## YOUR TASK
Make an exact copy, from the records below, of the lines from the line containing "Klamka VW Golf" to the line containing "R611606 Folkestone On the Pier J Welch 1917", both lines included, excluding pictures.

Segment Start: DATA SECTION

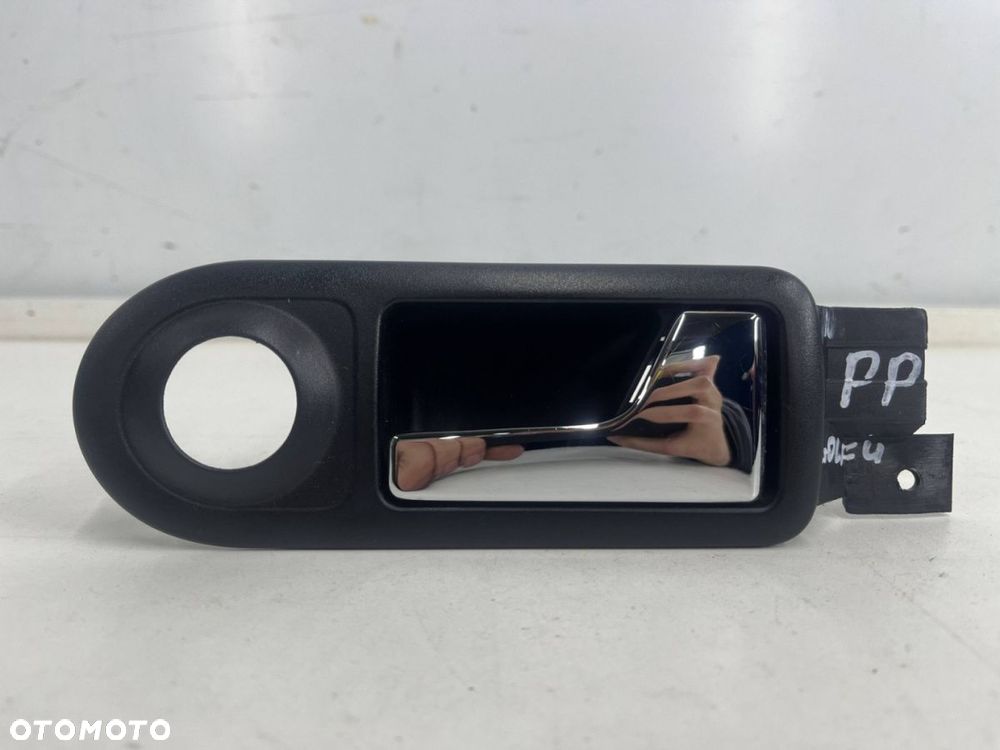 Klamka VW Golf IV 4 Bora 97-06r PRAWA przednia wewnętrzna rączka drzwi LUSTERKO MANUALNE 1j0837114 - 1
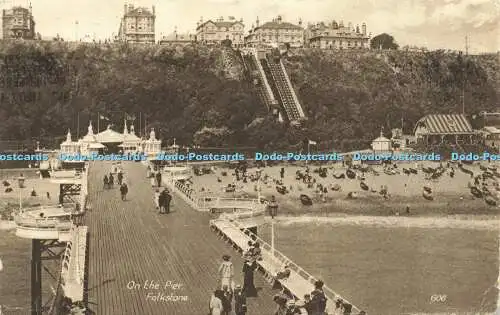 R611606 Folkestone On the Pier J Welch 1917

Segment End: DATA SECTION
Segment Start: DATA SECTION

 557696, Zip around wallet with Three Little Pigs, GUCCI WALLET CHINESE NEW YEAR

Segment End: DATA SECTION

## SOLVED EXERCISE
 Klamka VW Golf IV 4 Bora 97-06r PRAWA przednia wewnętrzna rączka drzwi LUSTERKO MANUALNE 1j0837114 - 1
 R611606 Folkestone On the Pier J Welch 1917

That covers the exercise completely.